» ACTIVITY
Both the line containing "Hochwertige Goldkette mit" and the line containing "Heizkörperabdeckung 90x60 cm" belong to the span. Output exactly that span from the listing below, and nothing outside it.
---*---
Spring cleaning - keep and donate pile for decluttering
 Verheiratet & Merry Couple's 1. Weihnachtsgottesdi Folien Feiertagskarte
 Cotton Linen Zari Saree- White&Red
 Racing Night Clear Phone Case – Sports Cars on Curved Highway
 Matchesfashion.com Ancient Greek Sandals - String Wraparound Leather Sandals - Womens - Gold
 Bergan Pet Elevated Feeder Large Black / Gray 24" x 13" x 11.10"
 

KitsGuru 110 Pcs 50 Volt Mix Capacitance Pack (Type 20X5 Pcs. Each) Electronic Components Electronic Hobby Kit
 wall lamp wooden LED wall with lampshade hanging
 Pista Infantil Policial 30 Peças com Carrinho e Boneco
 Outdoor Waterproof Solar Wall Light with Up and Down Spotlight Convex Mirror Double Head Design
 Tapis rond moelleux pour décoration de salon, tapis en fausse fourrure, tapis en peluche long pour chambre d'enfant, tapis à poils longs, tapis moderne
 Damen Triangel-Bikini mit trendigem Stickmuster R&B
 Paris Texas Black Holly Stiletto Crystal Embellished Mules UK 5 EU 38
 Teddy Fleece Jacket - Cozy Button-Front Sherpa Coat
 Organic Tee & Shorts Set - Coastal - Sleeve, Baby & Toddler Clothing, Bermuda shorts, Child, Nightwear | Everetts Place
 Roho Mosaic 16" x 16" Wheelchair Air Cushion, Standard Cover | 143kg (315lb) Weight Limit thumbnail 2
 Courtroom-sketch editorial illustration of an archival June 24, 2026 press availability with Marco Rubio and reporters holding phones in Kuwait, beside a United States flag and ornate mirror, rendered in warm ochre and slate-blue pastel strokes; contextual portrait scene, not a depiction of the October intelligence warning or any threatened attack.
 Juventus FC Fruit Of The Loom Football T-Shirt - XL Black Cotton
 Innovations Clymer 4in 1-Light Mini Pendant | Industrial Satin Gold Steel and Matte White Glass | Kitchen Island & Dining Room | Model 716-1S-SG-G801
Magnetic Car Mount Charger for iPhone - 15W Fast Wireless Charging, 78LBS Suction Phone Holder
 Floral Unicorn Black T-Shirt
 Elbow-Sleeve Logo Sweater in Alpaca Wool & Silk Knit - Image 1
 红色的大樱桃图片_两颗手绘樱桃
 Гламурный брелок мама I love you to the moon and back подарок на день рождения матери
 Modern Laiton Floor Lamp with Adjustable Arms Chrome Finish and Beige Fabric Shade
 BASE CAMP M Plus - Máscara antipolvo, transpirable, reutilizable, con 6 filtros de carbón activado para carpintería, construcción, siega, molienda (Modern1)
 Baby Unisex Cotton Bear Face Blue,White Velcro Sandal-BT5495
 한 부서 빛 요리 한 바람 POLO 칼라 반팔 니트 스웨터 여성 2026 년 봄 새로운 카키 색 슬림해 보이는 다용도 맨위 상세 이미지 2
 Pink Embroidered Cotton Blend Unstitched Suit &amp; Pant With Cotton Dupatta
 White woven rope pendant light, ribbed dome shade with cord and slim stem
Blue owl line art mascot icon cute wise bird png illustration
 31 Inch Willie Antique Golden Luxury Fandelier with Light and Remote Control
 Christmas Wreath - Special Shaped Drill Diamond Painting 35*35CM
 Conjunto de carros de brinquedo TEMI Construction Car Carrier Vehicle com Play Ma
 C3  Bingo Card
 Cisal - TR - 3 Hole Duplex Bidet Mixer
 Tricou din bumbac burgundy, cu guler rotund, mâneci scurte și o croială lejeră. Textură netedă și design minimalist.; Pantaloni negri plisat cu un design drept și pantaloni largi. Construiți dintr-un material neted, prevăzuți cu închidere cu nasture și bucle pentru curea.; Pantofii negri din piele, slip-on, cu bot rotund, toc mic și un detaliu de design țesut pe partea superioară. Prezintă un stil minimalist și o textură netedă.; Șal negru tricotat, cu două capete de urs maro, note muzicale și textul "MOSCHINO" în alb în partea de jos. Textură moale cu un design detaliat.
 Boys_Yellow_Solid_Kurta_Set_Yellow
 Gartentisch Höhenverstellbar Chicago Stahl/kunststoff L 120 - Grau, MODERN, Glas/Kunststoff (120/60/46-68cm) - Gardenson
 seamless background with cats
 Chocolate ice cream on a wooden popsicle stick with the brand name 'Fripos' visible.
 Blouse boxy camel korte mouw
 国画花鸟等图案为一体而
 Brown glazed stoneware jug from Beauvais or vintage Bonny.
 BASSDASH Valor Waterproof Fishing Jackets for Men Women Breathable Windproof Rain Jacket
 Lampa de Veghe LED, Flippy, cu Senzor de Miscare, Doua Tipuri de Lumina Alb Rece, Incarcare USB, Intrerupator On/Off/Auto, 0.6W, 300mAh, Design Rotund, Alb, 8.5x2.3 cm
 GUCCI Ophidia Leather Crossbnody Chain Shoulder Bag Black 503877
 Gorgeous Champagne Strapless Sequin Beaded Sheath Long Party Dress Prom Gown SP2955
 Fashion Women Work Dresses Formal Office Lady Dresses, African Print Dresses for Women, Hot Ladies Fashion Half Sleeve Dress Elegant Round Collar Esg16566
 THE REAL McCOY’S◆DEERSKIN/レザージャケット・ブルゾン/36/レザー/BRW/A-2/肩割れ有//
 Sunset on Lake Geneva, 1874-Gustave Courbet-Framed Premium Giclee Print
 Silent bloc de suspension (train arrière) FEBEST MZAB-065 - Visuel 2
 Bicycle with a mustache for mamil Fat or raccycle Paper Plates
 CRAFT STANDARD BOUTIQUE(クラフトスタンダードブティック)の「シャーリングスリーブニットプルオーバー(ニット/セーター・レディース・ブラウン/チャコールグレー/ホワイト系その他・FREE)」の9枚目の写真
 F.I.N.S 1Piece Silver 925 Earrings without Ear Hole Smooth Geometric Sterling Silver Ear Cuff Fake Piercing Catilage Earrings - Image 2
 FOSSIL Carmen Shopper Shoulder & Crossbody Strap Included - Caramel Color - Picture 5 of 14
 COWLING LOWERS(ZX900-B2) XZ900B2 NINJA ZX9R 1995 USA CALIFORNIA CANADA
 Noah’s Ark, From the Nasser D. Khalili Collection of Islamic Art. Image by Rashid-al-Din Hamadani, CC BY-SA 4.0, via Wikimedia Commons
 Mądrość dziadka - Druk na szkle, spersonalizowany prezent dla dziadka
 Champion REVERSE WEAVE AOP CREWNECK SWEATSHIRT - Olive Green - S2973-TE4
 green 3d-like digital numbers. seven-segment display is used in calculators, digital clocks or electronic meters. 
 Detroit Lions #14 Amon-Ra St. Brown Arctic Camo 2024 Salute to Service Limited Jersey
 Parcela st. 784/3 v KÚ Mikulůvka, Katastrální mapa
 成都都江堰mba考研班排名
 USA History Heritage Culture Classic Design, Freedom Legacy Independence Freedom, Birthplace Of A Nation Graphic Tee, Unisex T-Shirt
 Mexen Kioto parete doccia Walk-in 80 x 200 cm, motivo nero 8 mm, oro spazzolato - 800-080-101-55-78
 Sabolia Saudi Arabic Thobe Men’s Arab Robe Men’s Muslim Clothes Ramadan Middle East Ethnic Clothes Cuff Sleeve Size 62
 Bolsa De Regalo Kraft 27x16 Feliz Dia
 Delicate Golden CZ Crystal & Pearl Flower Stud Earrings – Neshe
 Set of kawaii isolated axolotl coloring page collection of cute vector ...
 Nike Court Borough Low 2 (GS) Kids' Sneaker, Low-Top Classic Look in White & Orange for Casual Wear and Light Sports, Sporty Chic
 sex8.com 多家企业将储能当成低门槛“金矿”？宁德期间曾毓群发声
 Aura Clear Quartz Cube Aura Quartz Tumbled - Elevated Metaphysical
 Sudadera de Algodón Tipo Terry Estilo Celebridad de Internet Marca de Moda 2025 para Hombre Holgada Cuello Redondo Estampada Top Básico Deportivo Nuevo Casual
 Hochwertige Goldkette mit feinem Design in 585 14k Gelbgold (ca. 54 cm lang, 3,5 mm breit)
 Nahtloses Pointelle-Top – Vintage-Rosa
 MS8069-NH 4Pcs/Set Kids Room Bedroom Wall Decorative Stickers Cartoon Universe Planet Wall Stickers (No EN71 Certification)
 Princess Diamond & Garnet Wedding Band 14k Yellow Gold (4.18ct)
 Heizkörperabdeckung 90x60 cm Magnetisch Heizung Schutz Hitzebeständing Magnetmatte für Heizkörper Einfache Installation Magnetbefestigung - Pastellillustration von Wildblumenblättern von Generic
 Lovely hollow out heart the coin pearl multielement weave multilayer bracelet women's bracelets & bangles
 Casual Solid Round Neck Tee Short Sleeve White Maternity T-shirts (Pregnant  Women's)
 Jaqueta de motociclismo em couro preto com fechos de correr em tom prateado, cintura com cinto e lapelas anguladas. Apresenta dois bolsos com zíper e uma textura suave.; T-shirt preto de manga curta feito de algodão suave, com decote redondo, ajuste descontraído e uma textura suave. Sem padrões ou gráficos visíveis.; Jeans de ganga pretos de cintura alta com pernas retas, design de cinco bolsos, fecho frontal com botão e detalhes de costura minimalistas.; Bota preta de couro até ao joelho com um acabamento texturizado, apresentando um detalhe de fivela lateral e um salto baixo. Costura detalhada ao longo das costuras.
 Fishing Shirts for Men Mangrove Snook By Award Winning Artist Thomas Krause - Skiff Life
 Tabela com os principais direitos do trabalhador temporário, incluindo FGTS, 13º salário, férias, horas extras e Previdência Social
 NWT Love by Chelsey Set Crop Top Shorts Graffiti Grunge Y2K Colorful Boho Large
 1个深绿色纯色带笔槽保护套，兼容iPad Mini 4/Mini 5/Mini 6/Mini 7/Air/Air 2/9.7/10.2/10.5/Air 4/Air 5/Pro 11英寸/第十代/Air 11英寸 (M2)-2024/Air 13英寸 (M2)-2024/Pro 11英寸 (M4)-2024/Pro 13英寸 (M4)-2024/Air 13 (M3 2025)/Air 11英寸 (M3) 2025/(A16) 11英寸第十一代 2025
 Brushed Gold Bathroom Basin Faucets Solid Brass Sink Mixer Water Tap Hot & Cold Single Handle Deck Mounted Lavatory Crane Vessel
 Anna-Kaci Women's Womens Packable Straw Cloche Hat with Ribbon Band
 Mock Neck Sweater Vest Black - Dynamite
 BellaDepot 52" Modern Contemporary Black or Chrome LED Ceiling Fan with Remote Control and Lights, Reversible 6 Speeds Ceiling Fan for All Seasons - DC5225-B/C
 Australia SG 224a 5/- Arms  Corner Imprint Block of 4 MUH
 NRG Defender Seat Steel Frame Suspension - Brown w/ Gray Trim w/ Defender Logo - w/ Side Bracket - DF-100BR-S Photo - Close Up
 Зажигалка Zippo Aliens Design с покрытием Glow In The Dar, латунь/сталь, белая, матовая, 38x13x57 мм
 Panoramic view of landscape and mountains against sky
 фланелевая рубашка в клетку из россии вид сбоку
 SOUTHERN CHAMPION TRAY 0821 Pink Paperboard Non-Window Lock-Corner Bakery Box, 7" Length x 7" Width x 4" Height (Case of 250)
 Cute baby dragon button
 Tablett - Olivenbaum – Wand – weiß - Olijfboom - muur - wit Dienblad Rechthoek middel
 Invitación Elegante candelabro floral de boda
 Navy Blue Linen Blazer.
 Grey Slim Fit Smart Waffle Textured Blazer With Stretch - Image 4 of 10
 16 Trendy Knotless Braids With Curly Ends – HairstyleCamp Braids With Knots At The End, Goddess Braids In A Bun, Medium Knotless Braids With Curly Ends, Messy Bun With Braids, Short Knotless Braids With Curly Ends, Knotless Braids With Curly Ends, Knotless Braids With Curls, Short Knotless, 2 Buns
---*---
» WRITTEN ANSWER
 Hochwertige Goldkette mit feinem Design in 585 14k Gelbgold (ca. 54 cm lang, 3,5 mm breit)
 Nahtloses Pointelle-Top – Vintage-Rosa
 MS8069-NH 4Pcs/Set Kids Room Bedroom Wall Decorative Stickers Cartoon Universe Planet Wall Stickers (No EN71 Certification)
 Princess Diamond & Garnet Wedding Band 14k Yellow Gold (4.18ct)
 Heizkörperabdeckung 90x60 cm Magnetisch Heizung Schutz Hitzebeständing Magnetmatte für Heizkörper Einfache Installation Magnetbefestigung - Pastellillustration von Wildblumenblättern von Generic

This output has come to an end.